Modelling Pre-fatigue, Low-velocity Impact and Fatigue behaviours of Composite Helicopter Tail Structures under Multipoint Coordinated Loading Spectrum

TL;DR

This study develops and validates advanced numerical models to analyze pre-fatigue, impact, and fatigue damage in composite helicopter tail structures under complex loading, enhancing predictive accuracy and computational efficiency.

Contribution

It introduces novel damage models and a comprehensive analysis algorithm for full-scale helicopter tail structures, integrating global-local FE modeling with damage transfer strategies.

Findings

Numerical predictions align well with experimental data.

The models effectively predict impact damage and fatigue behavior.

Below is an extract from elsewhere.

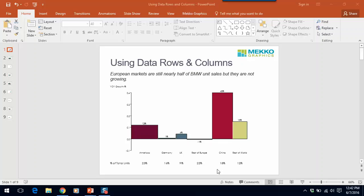Welcome to this Mekko Graphics training video. Today I'm going to show you how to use data rows and data columns to make more powerful charts.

The approach improves analysis efficiency for complex composite structures.

Abstract

This paper aims to numerically study the pre-fatigue, low-velocity impact (LVI) and fatigue progressive damage behaviours of a full-scale composite helicopter tail structure under multipoint coordinated loading spectrum. First, a fatigue progressive damage model (PDM) incorporating multiaxial fatigue residual strength degradation rule, fatigue failure criteria based on fatigue residual strength concept and sudden stiffness degradation rule was proposed. Then, an LVI progressive damage model for plain-weave (PW) and unidirectional (UD) composites was developed. Moreover, a full-process analysis algorithm with a reasonable damage transfer strategy for pre-fatigue, LVI and fatigue progressive damage analysis was proposed. Finally, a highly computational efficient and accurate full-scale global-local finite element (FE) model of helicopter tail structure was built to predict strain distribution under two flight working conditions, to predict LVI damage under impact loading, and to assess fatigue damage behaviours under multipoint coordinated loading spectrum. The numerical predictions agree well with test results from this work and literature data, indicating that the developed pre-fatigue, LVI, fatigue PDMs and algorithms, as well as the global-local FE modelling based on shell-to-solid coupling, can effectively analyse the impact damage tolerance of full-scale aircraft structures.